When are you 'content'?

Luckily, I woke up in a writing mood today. Unfortunately, that 10-15 pager due on Tuesday didn't seem all that appealing. But I do think I have an idea for a college essay, so that's productive enough I think. I really despise these essay questions the way I don't care for those trick questions they ask you during job interviews. I never know what they want to hear and I don't like the questions that seem to be asking for your life's pity-party story, or the ones that want a 600 word brag about how awesome you are.  But I went to sleep thinking about quilts and I woke up thinking about how much I like to do and make things, so here's the question and my brain-storm/first draft.

Describe a place or environment where you are perfectly content.

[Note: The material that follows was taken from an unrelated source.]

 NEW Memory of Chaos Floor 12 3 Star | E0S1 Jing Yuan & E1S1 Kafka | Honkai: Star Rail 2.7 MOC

What do you do or experience there, and why is it meaningful to you? 250-650 words.




(Connecting concepts to real life things, applying knowledge to life. <-- that's kinda what I'm trying to communicate, that I can do that. But then also that I know when to calm the ef down and just do something...)

I am most content when I am learning. I have a tendency to over complicate my life and stress about things I cannot fix and things I cannot control. I find when I am learning a new concept or even applying an old one to a new thing I've never tried, I am able to find some peace. In these moments I can slow down and center myself. Being a student is difficult at times. Feeling the pressure of endless deadlines and massive papers and complicated projects, I find that it is important for me to step back from it all. I do this with learning. I find myself a new task, one I can handle and one that can be completed, and focus my attention there. While I am working on this new thing, be it a small painting or a giant quilt, I can refocus my thoughts and energy into one tangible thing. When I complete this new project, it fills me with a sense of accomplishment and a boost of motivation that gives me the confidence to finish my other, more pressing, tasks.

I have always liked to draw and a few years ago I taught myself to paint. I like building things and discovering how things work. I like creating things with my hands and learning to cook new meals. When I set out on these new tasks I find myself forgetting the stress I feel and I can focus and engulf myself in this one thing. I like to think about the first person who discovered the particular course of action for whatever project I am working on. When I cook a new recipe, I think about the first person who ever thought of combining the ingredients and I wonder why they chose what they did. When I taught myself to reupholster a chair I had, I wondered about the people who do that sort of work all the time. My fingers were so sore and the only thing that kept me motivated was the vision of how beautiful it would be when I was finished. I wondered if they felt the same way I did; if they liked to take something old and used and turn it into something brand new. I learned to make "crazy" quilts a few years ago around this time in the fall semester. I wondered if this technique was discovered through necessity or if it was just a creative impulse. I wondered if the first quilt maker had run out of fabric and had to finish their last piece or if they simply had a family to keep warm and could not afford to buy the larger bolts of cloth. I learned to make chocolate truffles and wondered about the chemistry that goes into keeping the chocolate in temper so it doesn't melt at room temperature.

Every time I finish a project I feel refreshed and motivated. It does not always matter if I was good at it or not. Sometimes I never do the same thing again. But sometimes I do. With the painting and the chocolate making I have found quick and simple projects that will help me refocus and put my life back in balance when I need it. This is my meditation. It may sound silly to imagine fictitious stories about people who may have never existed. It may seem more practical to research and attempt to discover where this stuff really came from but for me, that would defeat the purposelessness of it all. For me, it is not about the facts, it's about the discovery and the imagination. I try to save the evidence for the classroom and the research for the paper. When I need contentment and peace, I make something just for the sake of doing it.

(639 words) Whadda ya think?? Opinions and constructive advice if ya wanna!